Патрик О'Хэнлон оказался редкой находкой: человек, который выжил после содеянного и был готов со мной разговаривать. Думаю, сначала он считал, что наши беседы приведут его к отпущению грехов, будут способом оправдаться перед миром. Он идеально подходил под данное Дэвидом Адамсом описание нарцисса, и даже несколько раз упомянул, что считает, будто мир жаждет услышать его историю. Но в какой-то момент он, видимо, понял, что через меня грехи не отпустить. И после многих месяцев интервью решил, что не хочет участвовать в проекте. Мы долго это обсуждали. Я журналист, и для меня правила просты: нельзя сказать, что твои слова «не для записи», если запись, как это было в данном случае, уже сделана. Около четырнадцати часов интервью – несколько тетрадей записей. Я имела право опубликовать эту историю. И, в то же время, я живу и работаю в стране, верховный главнокомандующий которой называет представителей СМИ «врагами народа». За нашу работу нас оскорбляют, нам угрожают, нас судят (и даже убивают), и поэтому такие решения нельзя принимать легкомысленно. И, честно говоря, мне не хотелось вступать в конфликт с человеком, который убил всю свою семью.

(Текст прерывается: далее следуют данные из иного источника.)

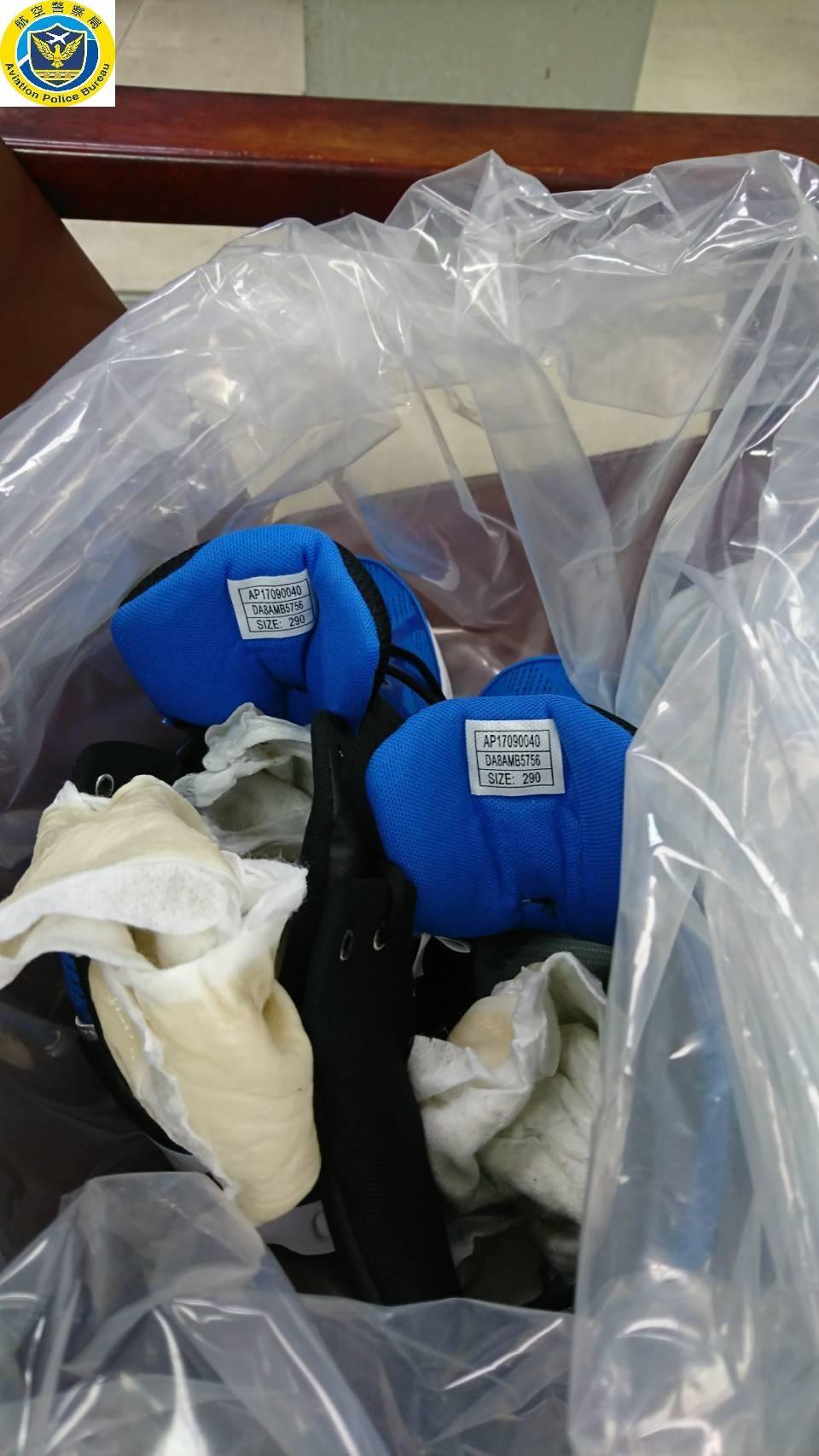 洪女用酸痛貼布夾藏1045公克安毒闖關遭海關查獲。(警方提供)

В конечном счете я поняла, что единственный способ исследовать вопрос о том, почему количество фамилицидов растет, использовать историю Патрика, значительно ее отредактировав. Я изменила имя преступника и имена членов его семьи, а также изъяла из повествования сведения, которые могли бы раскрыть его личность. Большая часть представленной информации взята из материалов судебных заседаний, полицейских досье и других находящихся в открытом доступе источников.